Diagrams and Commutativity

Chapter 02 named the objects and morphisms of the workflow. The next question is whether the visible paths preserve the same approval meaning or only look compatible on paper. Diagrams answer that question as compact proofs of consistency across multiple design views. The chapter begins with the minimal policy-gated approval diagram before expanding to the richer repository-level diagram used by the common running example. The linked diagrams and matrix remain the canonical repository source, but Figure 3.1, Figure 3.2, and Table 3.1 carry the first-reading argument inside the chapter.

Learning goals

Read a diagram as a design argument about preserved meaning rather than as decoration.
Use commutativity to test whether multiple workflow paths still justify the same claim.
Connect diagram labels to repository artifacts, review questions, and verification consequences.

Prerequisites

The object, morphism, and composition vocabulary from Chapter 02.
Familiarity with the running example artifact names Change Request, Review Plan, and Approved Change.

Key concepts

commutative diagram
traceability matrix
coherence failure
invariant

Running example linkage

The minimal diagram is the canonical source behind Figure 3.1, and the common commutative diagram is the canonical source behind Figure 3.2.
The traceability matrix and coherence failure artifact become secondary inspection tools once the local figures and table have established the chapter’s main claim.

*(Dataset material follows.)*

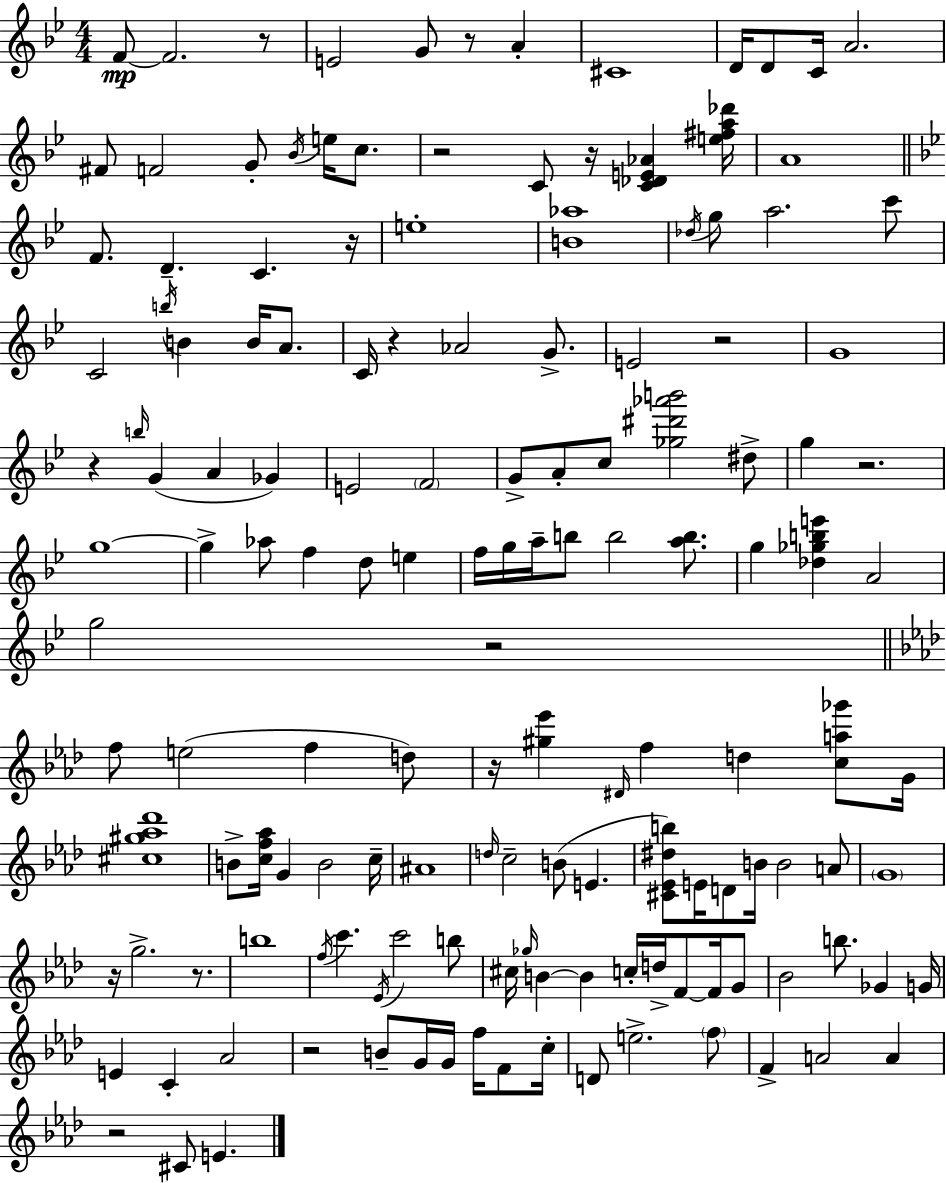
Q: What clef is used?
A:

Why diagrams matter in engineering

A diagram here is a compact design argument rather than an illustration. The argument matters when a team needs to compare multiple paths, preserve one invariant, and decide whether the workflow is still trustworthy after a change.

Diagrams as compact design arguments

Prose can describe a workflow step by step, but it often hides the relation between alternative paths. A diagram makes those paths visible at once. That visibility matters because the review question is usually not “What happens next?” It is “Do these different routes preserve the same meaning?”

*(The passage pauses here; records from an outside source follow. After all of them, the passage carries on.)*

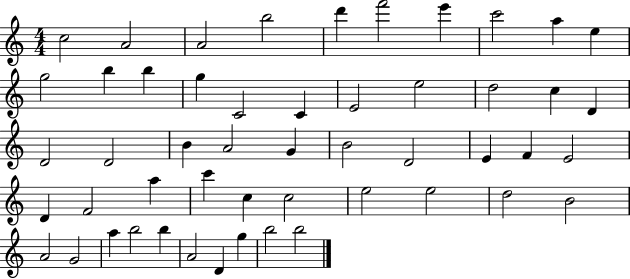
C5/h A4/h A4/h B5/h D6/q F6/h E6/q C6/h A5/q E5/q G5/h B5/q B5/q G5/q C4/h C4/q E4/h E5/h D5/h C5/q D4/q D4/h D4/h B4/q A4/h G4/q B4/h D4/h E4/q F4/q E4/h D4/q F4/h A5/q C6/q C5/q C5/h E5/h E5/h D5/h B4/h A4/h G4/h A5/q B5/h B5/q A4/h D4/q G5/q B5/h B5/h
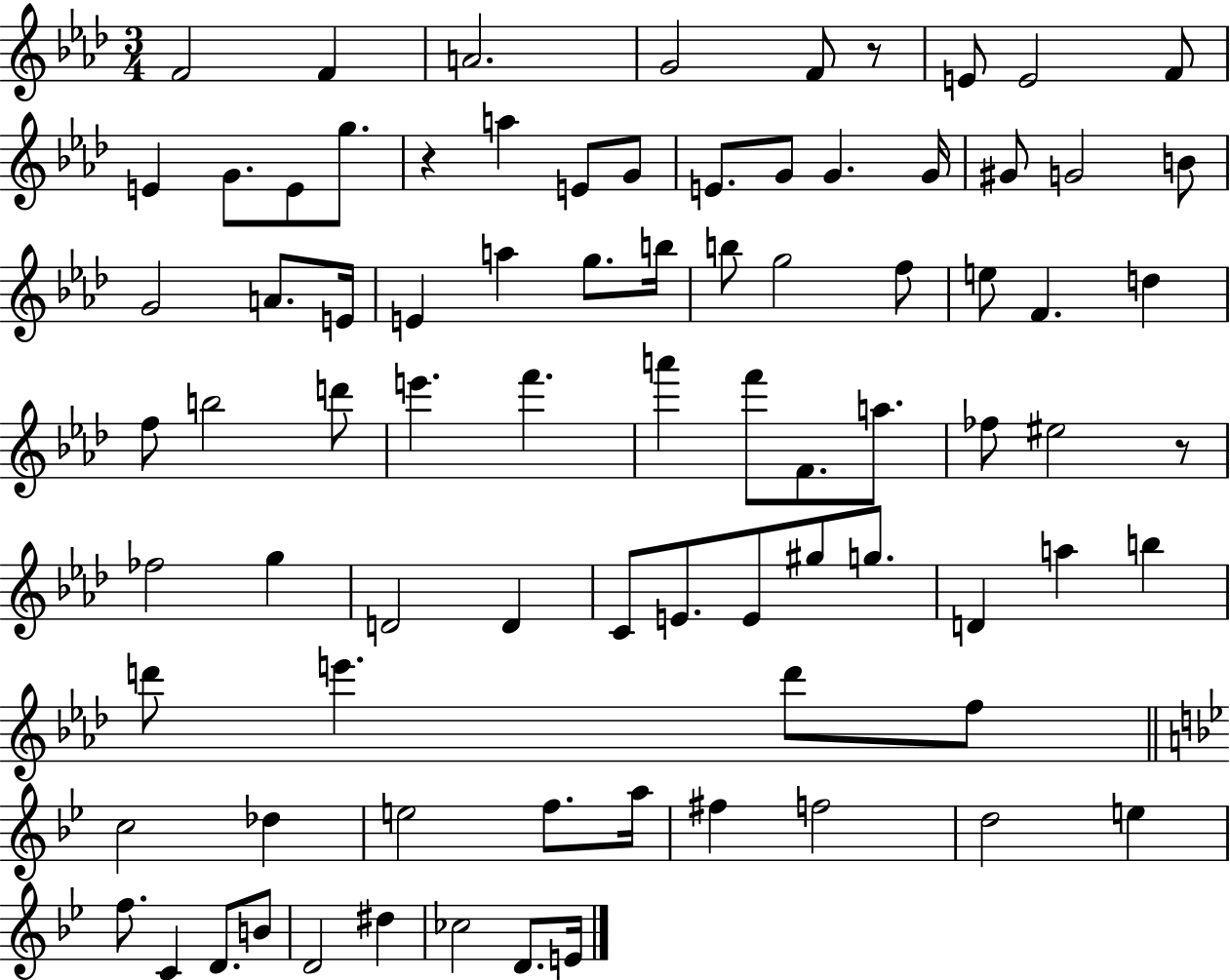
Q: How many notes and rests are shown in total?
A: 83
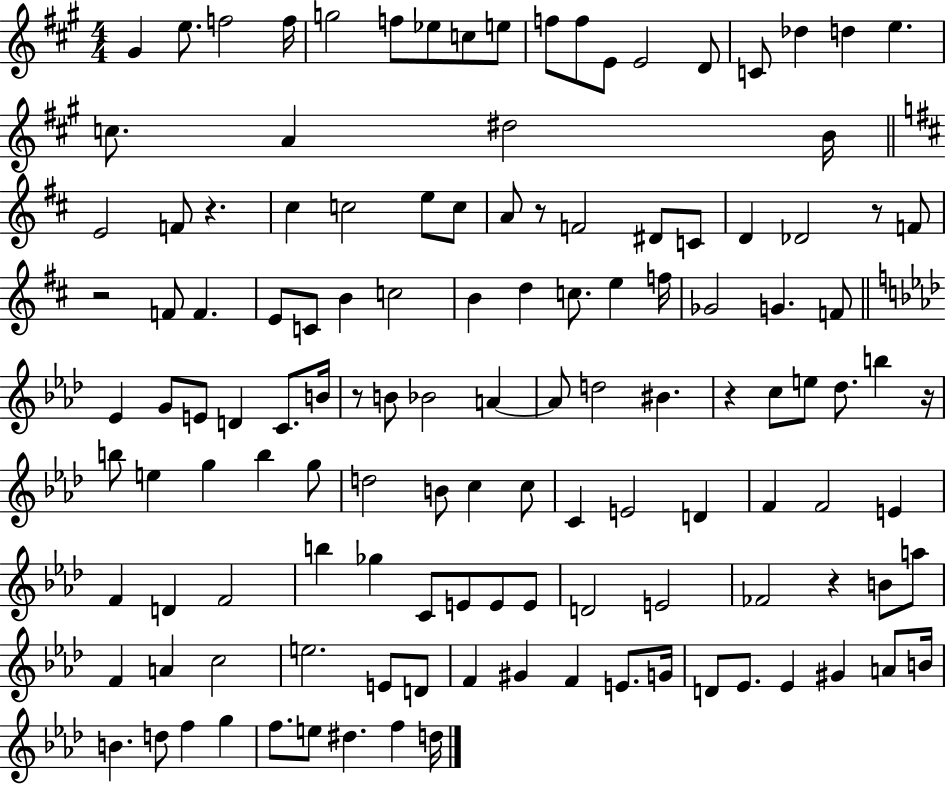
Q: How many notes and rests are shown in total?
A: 128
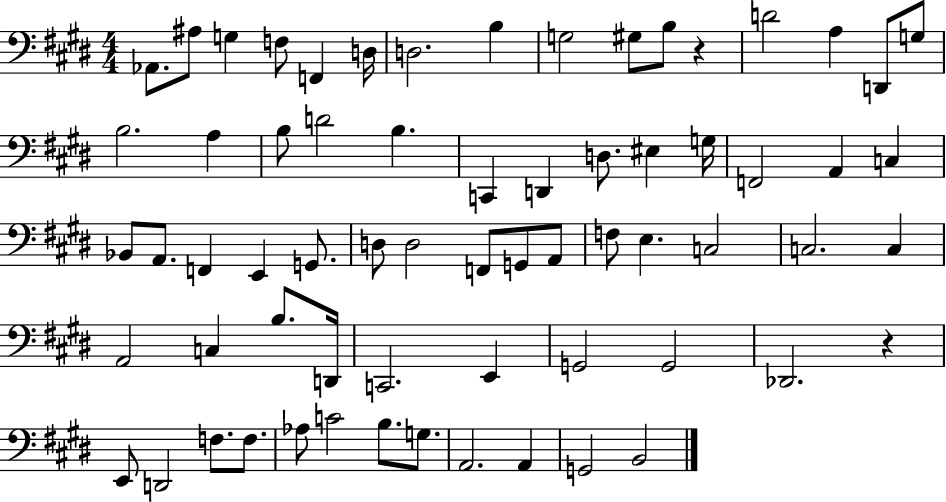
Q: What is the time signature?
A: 4/4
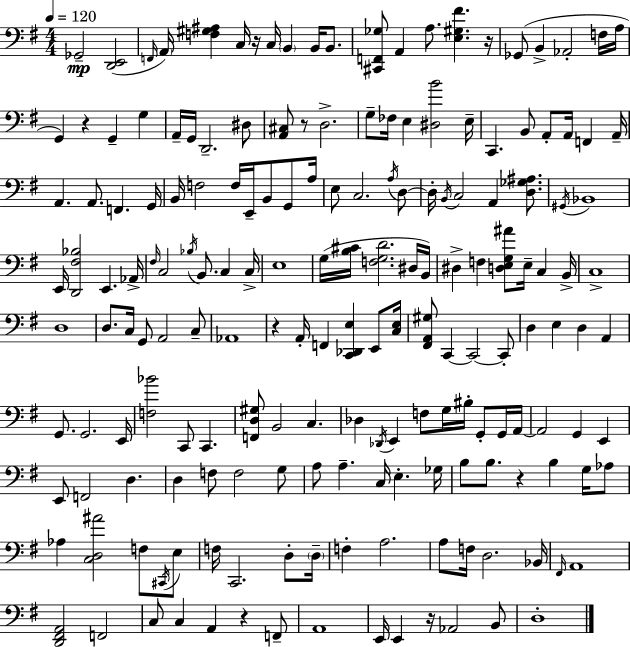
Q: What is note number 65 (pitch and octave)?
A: G3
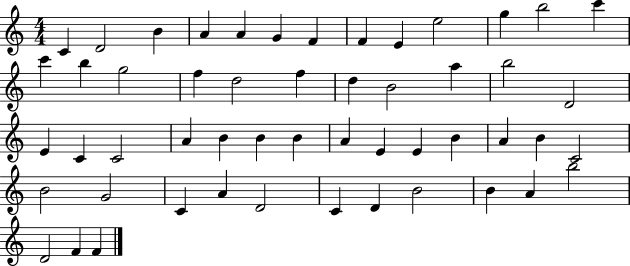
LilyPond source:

{
  \clef treble
  \numericTimeSignature
  \time 4/4
  \key c \major
  c'4 d'2 b'4 | a'4 a'4 g'4 f'4 | f'4 e'4 e''2 | g''4 b''2 c'''4 | \break c'''4 b''4 g''2 | f''4 d''2 f''4 | d''4 b'2 a''4 | b''2 d'2 | \break e'4 c'4 c'2 | a'4 b'4 b'4 b'4 | a'4 e'4 e'4 b'4 | a'4 b'4 c'2 | \break b'2 g'2 | c'4 a'4 d'2 | c'4 d'4 b'2 | b'4 a'4 b''2 | \break d'2 f'4 f'4 | \bar "|."
}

Figure 3.1 shows the smallest version of that question in the running example.

Figure 3.1. Minimal approval commutativity claim.

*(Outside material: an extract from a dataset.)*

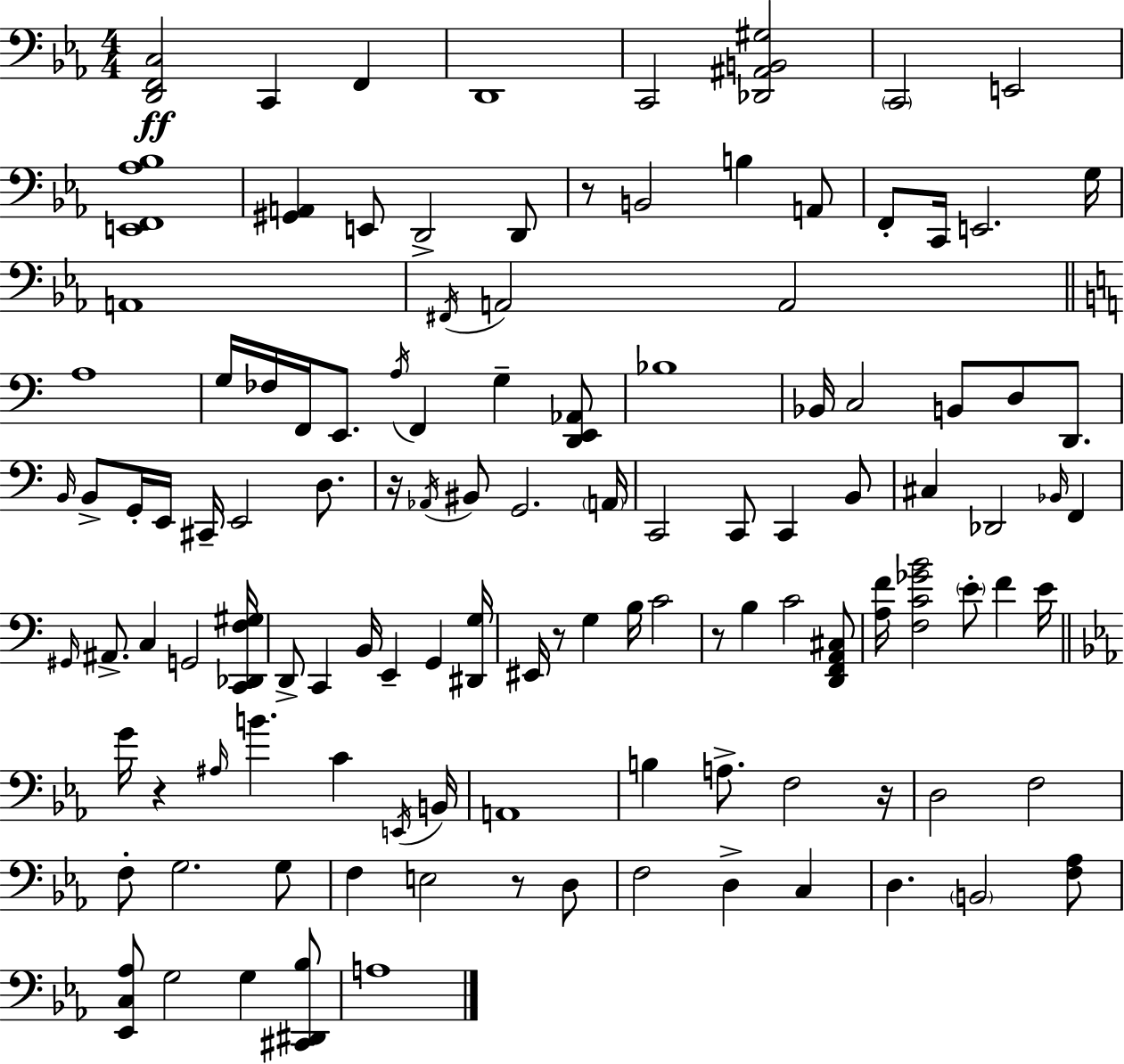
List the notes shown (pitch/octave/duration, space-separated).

[D2,F2,C3]/h C2/q F2/q D2/w C2/h [Db2,A#2,B2,G#3]/h C2/h E2/h [E2,F2,Ab3,Bb3]/w [G#2,A2]/q E2/e D2/h D2/e R/e B2/h B3/q A2/e F2/e C2/s E2/h. G3/s A2/w F#2/s A2/h A2/h A3/w G3/s FES3/s F2/s E2/e. A3/s F2/q G3/q [D2,E2,Ab2]/e Bb3/w Bb2/s C3/h B2/e D3/e D2/e. B2/s B2/e G2/s E2/s C#2/s E2/h D3/e. R/s Ab2/s BIS2/e G2/h. A2/s C2/h C2/e C2/q B2/e C#3/q Db2/h Bb2/s F2/q G#2/s A#2/e. C3/q G2/h [C2,Db2,F3,G#3]/s D2/e C2/q B2/s E2/q G2/q [D#2,G3]/s EIS2/s R/e G3/q B3/s C4/h R/e B3/q C4/h [D2,F2,A2,C#3]/e [A3,F4]/s [F3,C4,Gb4,B4]/h E4/e F4/q E4/s G4/s R/q A#3/s B4/q. C4/q E2/s B2/s A2/w B3/q A3/e. F3/h R/s D3/h F3/h F3/e G3/h. G3/e F3/q E3/h R/e D3/e F3/h D3/q C3/q D3/q. B2/h [F3,Ab3]/e [Eb2,C3,Ab3]/e G3/h G3/q [C#2,D#2,Bb3]/e A3/w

Reader takeaway. The diagram matters only because the two visible paths are claiming one shared approval meaning.

Publication redraw of Figure 3.1 showing the minimal approval commutativity claim.

The minimal diagram does not yet describe every operational detail. It isolates one design claim that can be reviewed by hand. If the composed path from Change Request through Review Plan to Approved Change is supposed to justify the direct edge policy-gated-approval, the diagram turns that statement into a visible proof obligation.

In engineering, that makes diagrams useful. They compress a long explanation into a testable structure. They also reveal missing nodes and edges quickly. If the team cannot draw the intended transformation path without adding vague labels, the underlying design is usually underspecified.

When prose is not enough

Prose fails first when the reader must compare several paths at once. It also fails when the preserved invariant is easy to lose in paragraph form. In the running example, the core invariant is that no change should reach the approved state unless the workflow preserves request meaning, policy constraints, and review intent across the path.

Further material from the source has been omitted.